Партнёр Хмеля подозвал к нам девочек, одной из которых была местная танцовщица гоу-гоу, имевшая на меня виды. Она примостилась рядом, обдавая тяжёлым запахом собственных духов, а я не возражал, поглаживая кожу бедра, понимая, что из неё может получиться неплохая компания на оставшуюся часть ночи.
Дяде Вите, как к нему все обращались, казалось, будто он делает мне одолжение, развлекая своим обществом, однако мне ничего так сильно не хотелось, как остаться в одиночестве.

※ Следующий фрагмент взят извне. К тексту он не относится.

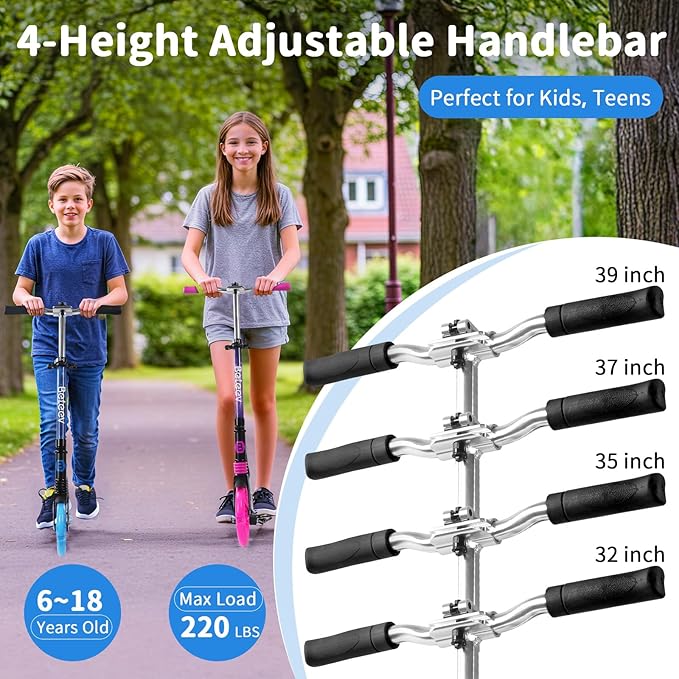 BELEEV V5 Plus Scooters for Kids Ages 6+, Teens with Light-Up Wheels & Deck, 2 Wheel Folding Lightweight Sport Scooter with 4 Adjustable Height, 8-inch Big Wheels, Carry Strap, Max Load 220 lbs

Слово за слово, и я понял, что старый прохиндей намеревается выведать чужие тайны, и он изучал меня, пытаясь определить, может ли подсунуть мне пачку банкнот в обмен на развязанный язык. Друзей Хмеля сложно отличить от врагов, он держал в руках весь город, поэтому и желающих занять его место было немерено.